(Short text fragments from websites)
Segment Open
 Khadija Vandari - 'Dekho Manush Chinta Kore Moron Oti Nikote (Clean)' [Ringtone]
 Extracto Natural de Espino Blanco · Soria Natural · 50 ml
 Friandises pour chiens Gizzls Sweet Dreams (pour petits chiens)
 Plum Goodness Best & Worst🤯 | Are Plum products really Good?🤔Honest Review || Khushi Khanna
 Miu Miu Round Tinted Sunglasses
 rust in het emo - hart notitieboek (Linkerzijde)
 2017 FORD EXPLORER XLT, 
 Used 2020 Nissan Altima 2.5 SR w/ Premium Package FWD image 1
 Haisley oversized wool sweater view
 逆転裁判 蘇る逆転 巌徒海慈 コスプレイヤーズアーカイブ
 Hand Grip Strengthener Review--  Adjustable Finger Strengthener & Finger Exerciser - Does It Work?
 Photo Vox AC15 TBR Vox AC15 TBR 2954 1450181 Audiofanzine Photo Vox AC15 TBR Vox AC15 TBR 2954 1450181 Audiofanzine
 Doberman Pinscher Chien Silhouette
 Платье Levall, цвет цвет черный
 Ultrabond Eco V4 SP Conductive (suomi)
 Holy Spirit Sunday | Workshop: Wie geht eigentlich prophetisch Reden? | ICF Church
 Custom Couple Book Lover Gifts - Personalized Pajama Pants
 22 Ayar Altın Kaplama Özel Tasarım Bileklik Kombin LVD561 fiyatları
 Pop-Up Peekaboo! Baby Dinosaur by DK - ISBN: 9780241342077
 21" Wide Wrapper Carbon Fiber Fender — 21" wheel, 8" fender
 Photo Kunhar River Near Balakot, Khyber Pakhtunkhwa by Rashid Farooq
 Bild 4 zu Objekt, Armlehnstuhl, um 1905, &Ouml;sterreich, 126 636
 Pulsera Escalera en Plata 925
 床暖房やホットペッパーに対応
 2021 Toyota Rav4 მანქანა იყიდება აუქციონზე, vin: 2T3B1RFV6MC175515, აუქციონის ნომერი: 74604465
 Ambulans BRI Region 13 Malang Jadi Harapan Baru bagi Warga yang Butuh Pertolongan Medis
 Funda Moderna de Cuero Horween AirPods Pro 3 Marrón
Segment Closed
Your task
Every record above belongs in the answer, reproduced exactly.

Exercise output
 Khadija Vandari - 'Dekho Manush Chinta Kore Moron Oti Nikote (Clean)' [Ringtone]
 Extracto Natural de Espino Blanco · Soria Natural · 50 ml
 Friandises pour chiens Gizzls Sweet Dreams (pour petits chiens)
 Plum Goodness Best & Worst🤯 | Are Plum products really Good?🤔Honest Review || Khushi Khanna
 Miu Miu Round Tinted Sunglasses
 rust in het emo - hart notitieboek (Linkerzijde)
 2017 FORD EXPLORER XLT, 
 Used 2020 Nissan Altima 2.5 SR w/ Premium Package FWD image 1
 Haisley oversized wool sweater view
 逆転裁判 蘇る逆転 巌徒海慈 コスプレイヤーズアーカイブ
 Hand Grip Strengthener Review--  Adjustable Finger Strengthener & Finger Exerciser - Does It Work?
 Photo Vox AC15 TBR Vox AC15 TBR 2954 1450181 Audiofanzine Photo Vox AC15 TBR Vox AC15 TBR 2954 1450181 Audiofanzine
 Doberman Pinscher Chien Silhouette
 Платье Levall, цвет цвет черный
 Ultrabond Eco V4 SP Conductive (suomi)
 Holy Spirit Sunday | Workshop: Wie geht eigentlich prophetisch Reden? | ICF Church
 Custom Couple Book Lover Gifts - Personalized Pajama Pants
 22 Ayar Altın Kaplama Özel Tasarım Bileklik Kombin LVD561 fiyatları
 Pop-Up Peekaboo! Baby Dinosaur by DK - ISBN: 9780241342077
 21" Wide Wrapper Carbon Fiber Fender — 21" wheel, 8" fender
 Photo Kunhar River Near Balakot, Khyber Pakhtunkhwa by Rashid Farooq
 Bild 4 zu Objekt, Armlehnstuhl, um 1905, &Ouml;sterreich, 126 636
 Pulsera Escalera en Plata 925
 床暖房やホットペッパーに対応
 2021 Toyota Rav4 მანქანა იყიდება აუქციონზე, vin: 2T3B1RFV6MC175515, აუქციონის ნომერი: 74604465
 Ambulans BRI Region 13 Malang Jadi Harapan Baru bagi Warga yang Butuh Pertolongan Medis
 Funda Moderna de Cuero Horween AirPods Pro 3 Marrón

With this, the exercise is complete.